Youf, Inexperience & Financial Cock ups

Tempting as it is to write on the latest doings of the UKIP folk, I feel it is being so well covered currently by GLW, Junius & Democracy Forum that I can add nothing to the debate for the time being.

One headline that struck me from Monday's Business Telegraph was, "Lenders face interest rate cut on reserves", a kite flown by the Governor, Mervyn King, to include even negative interest rates according to an original and best member of the MPC, Charles Goodhart. I had a good chortle at this but first a little tutorial. The Bank of England is the bankers bank. All the major banks have accounts at the BoE and settlement of debts between banks takes place over the BoE books. Banks that do not have an account with the BoE have to have an account with a bank that does. Hence all debits and credits drain into the BoE just as all almost all rivers drain to the sea.

Banks are not allowed to have overdrafts with the BoE hence all their accounts have to be in credit. This used to happen on a daily basis but since 2003 an average credit balance over a four week is all that is needed. This 'modernising reform' came about with the influx of new blood at the top of the bank and the departure of the old, Eddie George, guard and brought us into line with, yes, ECB practice. The public reason was to curb volatility in the overnight rate that under the old daily square system meant banks sometimes had to borrow large amounts overnight to be in credit at the BoE. Another reason was to reduce the frequency of BoE market operations from a possible 4 times a day, like Jack Kennedy, to once a week, more in keeping with MAK.

In order to persuade the banks to buy the new system the BoE said they would remunerate bank deposits left on their books overnight at 1% under repo policy rate. Under the old regime bank deposits left at the BoE overnight were unremunerated i.e. zero interest. This had led to the market being manipulated by one or two major players who by building up a monopoly short postion could pick off the many small longs and force them to lend well below the policy rate or less usually, build up a monopoly long postion and force the small shorts to borrow from them at well above repo.

This was undesirable certainly but it did force banks to lend to each other! A price worth paying for inter-bank liquidity, one might say. And what was the major cause of the credit crisis in the UK? Banks refusing to lend to each other because of credit concerns. So what did long banks do with their money? They safely left it at the BoE at 1% under policy. And the short banks? Well they sweated their small business customers , cut back on their lending and abracadbra you have a credit crunch.

Well I suppose its nice to know that MAK has seen the light but it would be better if they owned up to the part they played in formenting this human tragedy. Eddie George was always strongly opposed to remunerating bankers balances as they are called in the BoE. It was a nice little earner for the BoE but it did get the money moving between banks. What of the people of experience who knew the reasons and arguments against remuneration.

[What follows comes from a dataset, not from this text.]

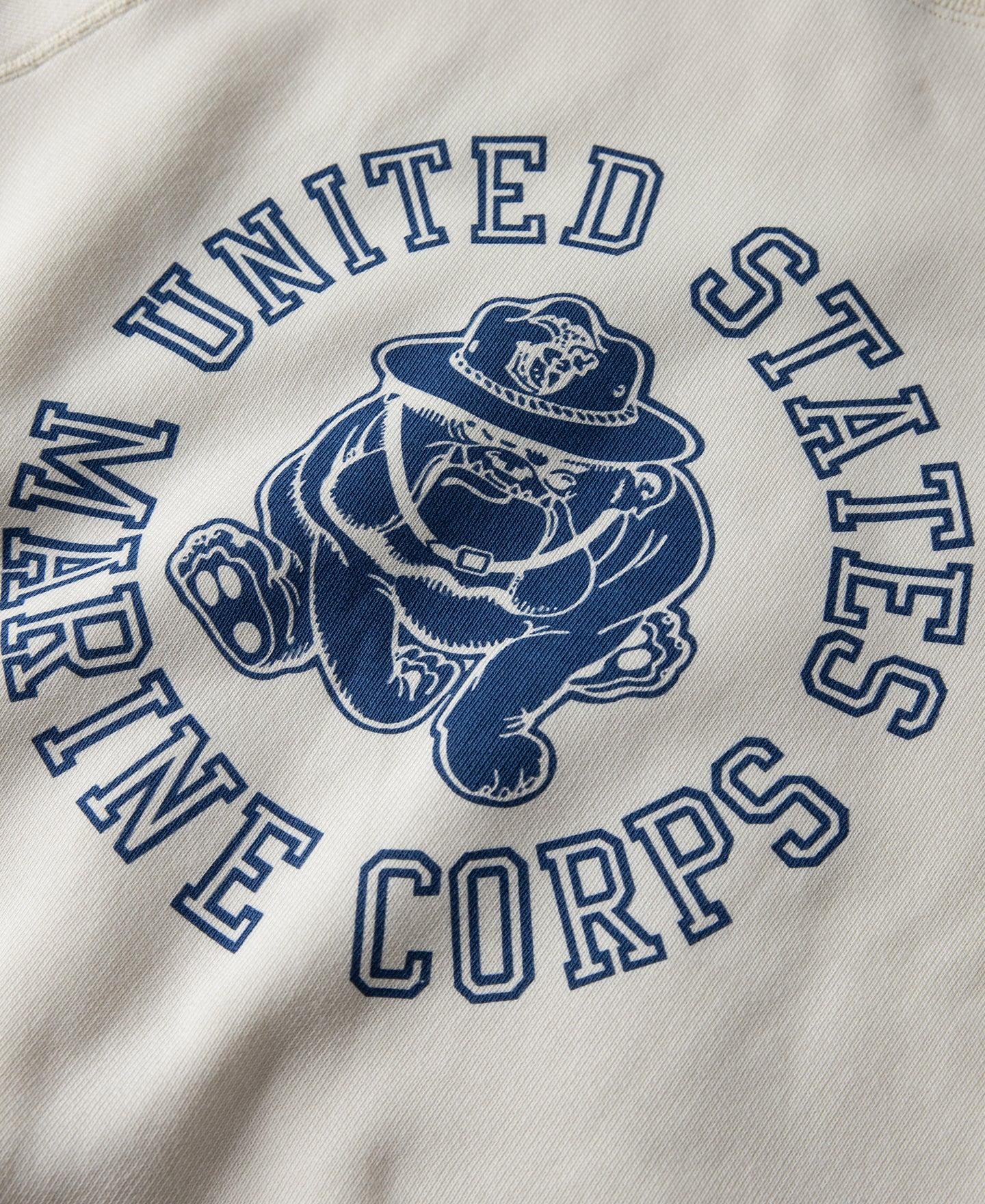 1980s Marine Devil Dog Raglan Sweatshirt - White Product Image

Well, they were all gone and Youf had its day but in retrospect the old guard, as Napoleon knew, had its uses.

The worrying thing is that this scenario is being played out most boardrooms in the land. Northern Rock only became Northern Wreck after the long serving Finance Director retired and Applegarth had a free hand with his new FD he had appointed. Youf has its place but needs to be buttressed by experience to avoid predictable disaster.